Similarly, though the Child Marriage Act was passed in 1929, it has been made relatively ineffective, stating that a marriage celebrated in violation of the stipulation regarding age, would nevertheless be valid; the position remains the same in the Hindu Marriage Act of 1955.
It is often mistakenly assumed that the Hindu Succession Act, 1956, entitled daughters to an equal share in all ancestral properties. This is, however, not the case in regard to joint family property governed by the Mitakshara System of Hindu Law. The daughter is entitled to only a share of her father's property, while the son inherits both as a co-partner as well as a son. It is to be noted that the Mitakshara School is followed by the vast majority in the country. The concept of matrimonial property also needs to be Incorporated in the law of inheritance and succession.
Under the Hindu Adoptions and Maintenance Act, 1956, a married male needs his wife's consent for adoption only if she remains a Hindu; if she has changed her religion, the consent is not required. By analogy, the husband can perhaps also ignore his wife in the matter of adoption if she is a non-Hindu. In the matter of maintenance, a non-Hindu wife cannot claim it from her Hindu husband (either while living with him or living separately), but conversely a Hindu wife enjoys the right to live separate from her non-Hindu husband, on the ground of his conversion, without losing her right to be maintained by him.
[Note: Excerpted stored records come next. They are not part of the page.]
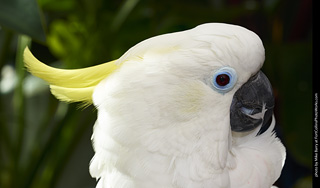 Sulphur Crested Cockatoo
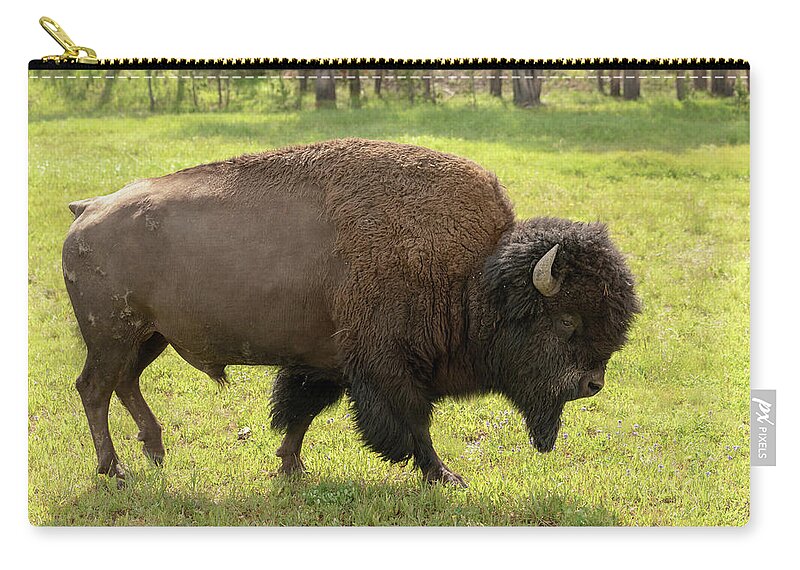 Buffalo Zip Pouch featuring the photograph 2018 Buffalo-1 by Tara Krauss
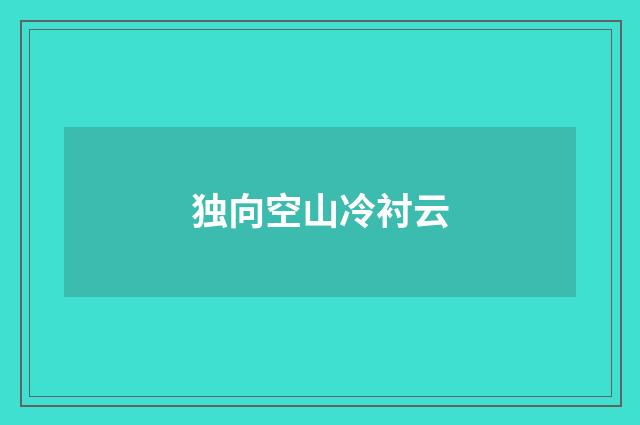 独向空山冷衬云
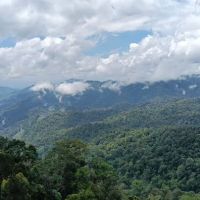 Bukit Janda Baik ico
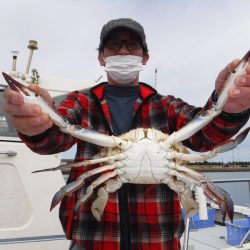 JDI Racing シールズマリンレジャー 釣果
In spite of these loopholes in secular legislation, there cannot be two opinions that the ground for gender equality is well prepared. What remains is the question of new adjustments. The solid resistance of the Muslim community in general against any attempt towards a Uniform Civil Code is basically a reflection of the community's urge for identify. In the Indian context, certain other factors contributed towards the deteriorating status of Muslim women in society. For example, during the long and close period of contact with various cultures, the socio-cultural life of Indian Muslim women was inevitably coloured by Hindu traditions and values. This process was unavoidable since large numbers of Indian Muslims were converted from Hinduism. One cannot claim honestly that the day-to-day life of an Indian Muslim woman is governed by the 'Shariat' or Islamic law. One has to admit that the Muslim Personal Law, as it operates in India, needs reforms, related particularly to the unbridled right of a husband pronouncing triple 'talaaq' and practising polygamy. It is often maintained that Muslims are resistant to social reforms due to the rigidity of religion and unable to admit any change in their belief system. But an honest assessment will clarify that any framework leaves enough social space to accommodate change and reform. Moreover, the Muslim Personal Law that is in vogue in India is not fair to women. In spite of the fact that family laws have been reformed in most Muslim countries, India has brought no significant changes in this respect, except the most unsatisfactory, ill-adopted Muslim Women (Protection of Rights of Divorce) Act, 1986.
The ultimate objective of reform is to establish an egalitarian society. It has already been mentioned that any legislation earnestly directed towards social justice can be well adjusted within the framework of Shari at. But it would be much better if the initiative comes from within the community itself. But no doubt the Supreme Court Judgement has made the task very difficult for those people who are fighting to ameliorate the position of Muslim women.